On the go: The announced reform of the retail price index, to match the consumer price index including housing costs, saw inflation hedging rise by six per cent quarter on quarter at the end of September 2020.
The latest iteration of the BMO Global Asset Management survey showed that prior to the reform’s announcement in November, buyout activity slowed and inflation hedging decreased, proving true the long-standing prediction that the reform would release pent-up demand.
Pensions Expert reported at the time on the 16 per cent quarter-on-quarter fall in last year’s third quarter, reflecting ongoing concerns about the precise nature of the expected reform.
Inflation hedging had fallen to approximately £34.4bn in the third quarter, but rebounded to £36.5bn in the fourth quarter, according to the survey.

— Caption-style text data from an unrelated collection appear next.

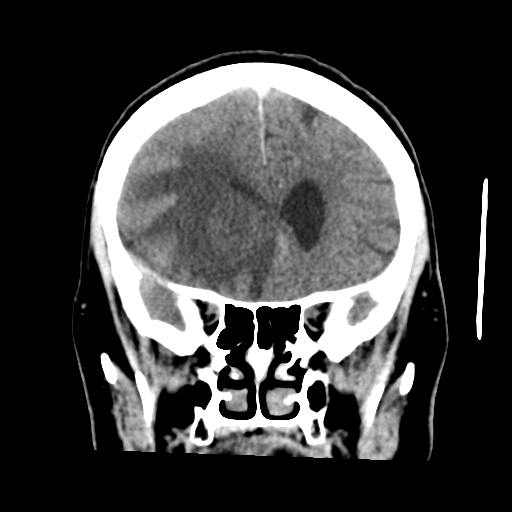 Cerebral metastasis to basal ganglia (Radiopaedia 81568-95412 Coronal C+ delayed 21).png
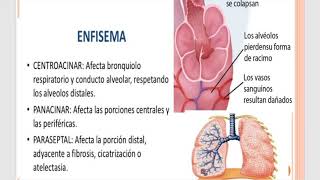 EPOC medicina interna de harrison ed 18 [upl. by Ludeman]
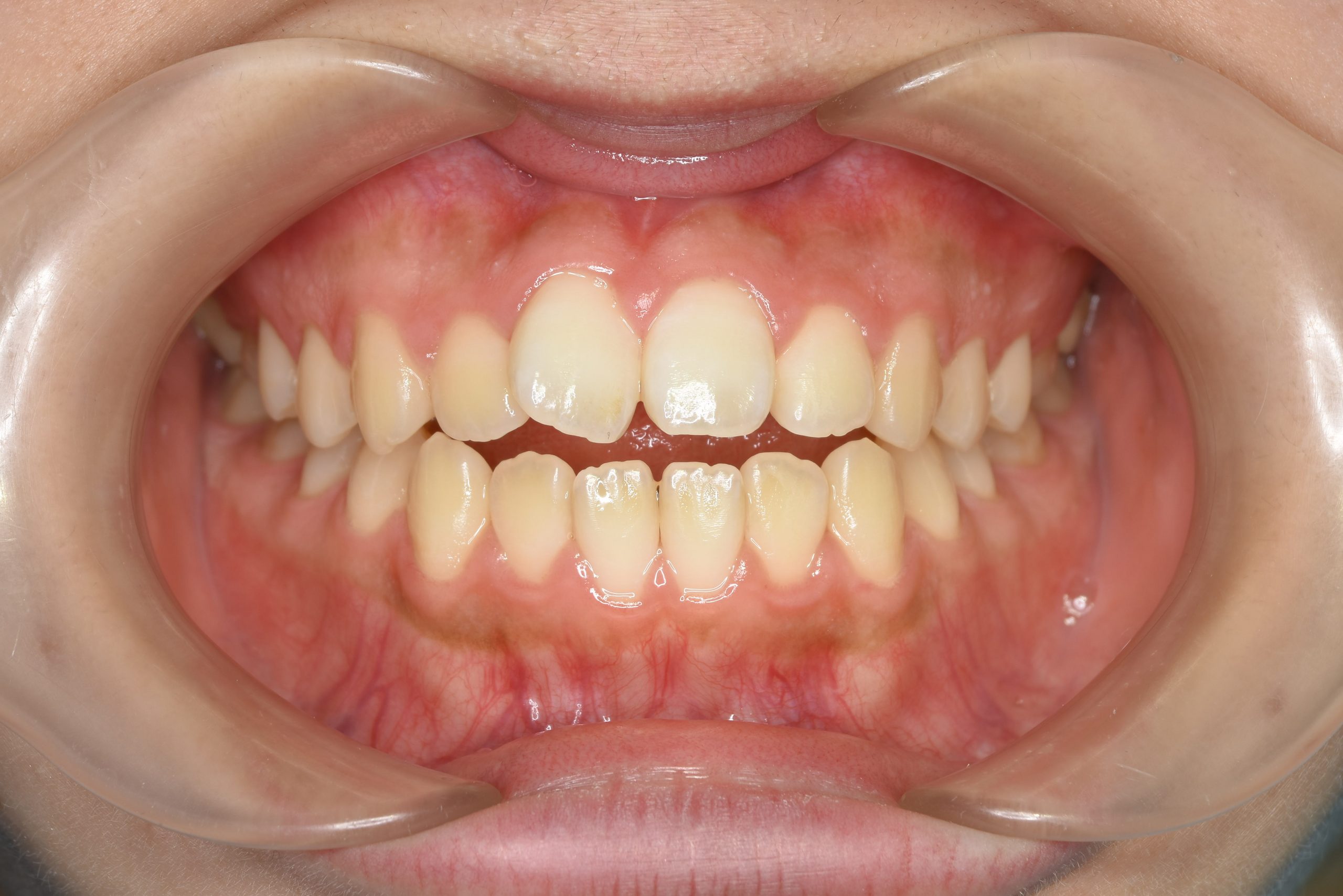 全顎ワイヤー矯正　症例_1409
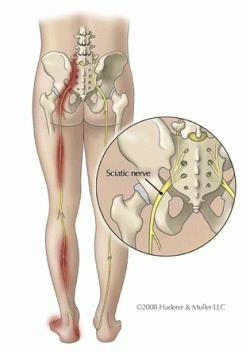 sciatica-sciatic-nerve-pinch
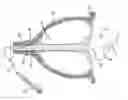 Fig. 01 - Method and device for the treatment of incontinence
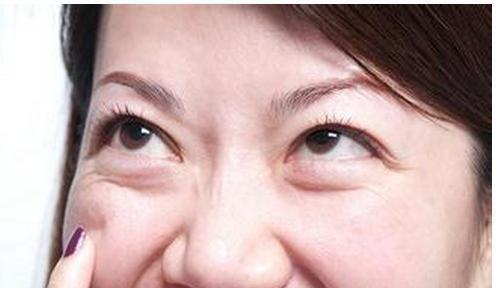 如何消除眼袋，方法與技巧詳解，消除眼袋的有效方法與技巧全解析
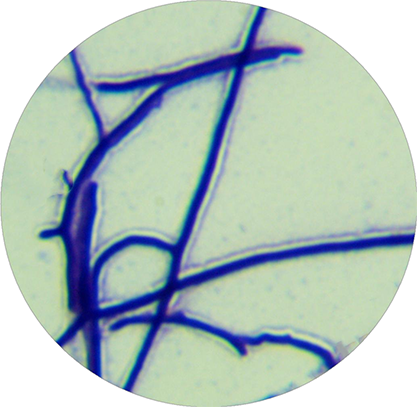 Streptomyces thermocarboxydus-BNCC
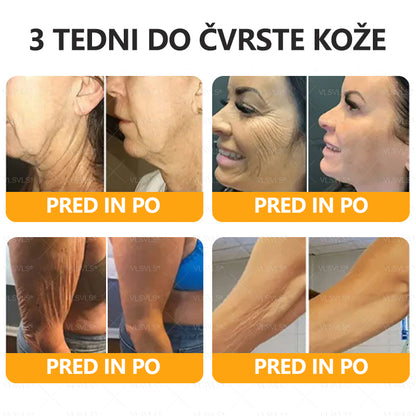 ✨ VLSVLS® Krema za obnovo kože s čebeljim strupom 🐝 Proti gubam & povešeni koži | 💆‍♀️ Učvrstitev telesa & regeneracija⚡ Vidni rezultati v 7 dneh | 💯 100% naravne sestavine |  ZADNJI DAN 80% CENEJE 🔥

Switching activity increased immediately prior to the announcement as some market participants banked on the prospect of compensation for index-linked gilt holders, though the reform in the end made no such allowances.
Nevertheless, the expectation pushed gilt inflation break-evens to “extreme levels” versus swaps, triggering “contrarian or dynamic investors” to oppose the move, the survey found.
“Together, these made a significant contribution to overall inflation trading over the quarter.”
Interest rate hedging remained high in the third quarter, but fell by three per cent to £41.8bn in the fourth quarter, the survey showed.
According to Rosa Fenwick, liability-driven investments portfolio manager at BMO Global Asset Management, the fourth quarter “brought a resolution to the long-standing question around RPI reform, with the switch to CPIH occurring in 2030 with no compensation”.
“While the result of RPI reform was largely anticipated by the market, this likelihood was only partially priced in,” she said.
“On the face of it, this news was expected to cause long-dated RPI rates to fall. Instead, the impact of pent-up demand and lack of supply turned this on its head as investors piled into RPI once the uncertainty had been resolved.
“While the wedge between CPI and RPI decreased as expected, instead of RPI moving closer to CPI, RPI acted as the anchor.”
The survey, which asked investment bank derivatives’ trading desks for their predictions for pension scheme liability hedging for the year ahead, found most respondents expected higher inflation and nominal yields, though predictions for the outcome of real yields “are more nuanced”.